The CCA does not typically force a manufacturer or wholesaler to supply goods or services to small
businesses. However, a supplier’s refusal to supply may break the law where they are:
misusing their market power
involved in a cartel or a boycott
imposing minimum prices on retailers
engaging in exclusive dealing with the purpose or likely effect of substantially lessening competition.
If a refusal to supply is legitimate, you will need to renegotiate terms with that supplier or seek
alternate supply.
u Example: An office supplies retailer buys pencils from 2 separate pencil manufacturers. One of the
manufacturers tells the retailer to stop buying pencils from the other manufacturer. The supplies
company keeps buying pencils from both, so the manufacturer stops supplying to the retailer.
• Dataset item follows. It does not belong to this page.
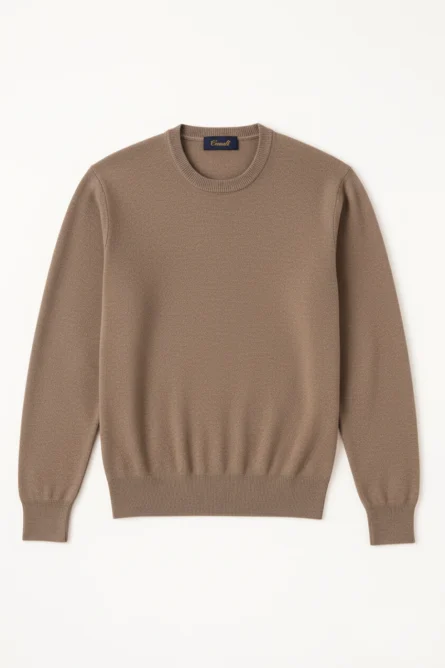 Jersey Cashmere Cuello Redondo - Imagen 5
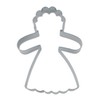Staedter Gingerbread Woman Cookie Cutter, Stainless Steel, 12.5 cm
This refusal to supply is unlikely to be illegal as it won’t have a significant impact on competition; there
are many other pencil suppliers that the retailer could purchase from.
Exclusive dealing
Exclusive dealing occurs when one person trading with another imposes some restrictions on the other’s
freedom to choose with whom, in what, or where they deal. Exclusive dealing is unlawful where it
substantially lessens competition.
Generally, the more exclusive the product and the more powerful the purchaser or supplier, the more
likely it is that competition will be affected in a market.
u Example: The owner of an independent electronics store in South Australia finds that many customers
would come to her store for advice and then purchase products from her competitors at lower prices.
The owner decides to only deal with suppliers who agree not to supply their electrical products to
other South Australian retailers.
While this conduct amounts to exclusive dealing, it’s unlikely to be illegal. There are many other
retailers that suppliers can supply to and many other suppliers that her retail competitors can source
supply from. However, if there were only a small number of available retailers or suppliers, it may raise
concerns as limiting access to those retailers or suppliers could significantly impact competition.
Price fixing
It’s illegal for competing businesses to get together and agree to fix their prices. For example, it would be
unlawful for competitors to agree to only charge a set price (e.g. the RRP’).
Price fixing agreements don’t have to be in writing; you don’t even need to have a ‘formal’ agreement, it’s
enough if there is an understanding between businesses.
u Example: A group of local builders decide to meet informally on a regular basis. At their first meeting,
they all decide to increase their hourly rates to a certain amount for a trial period. This would be
price fixing.
12 Small business and the Competition and Consumer Act: Your rights and responsibilities
Anti-competitive contracts, arrangements, understandings
and concerted practices
If a contract, arrangement, understanding or concerted practice between businesses has the purpose,
effect or likely effect of substantially lessening competition, it will contravene the CCA.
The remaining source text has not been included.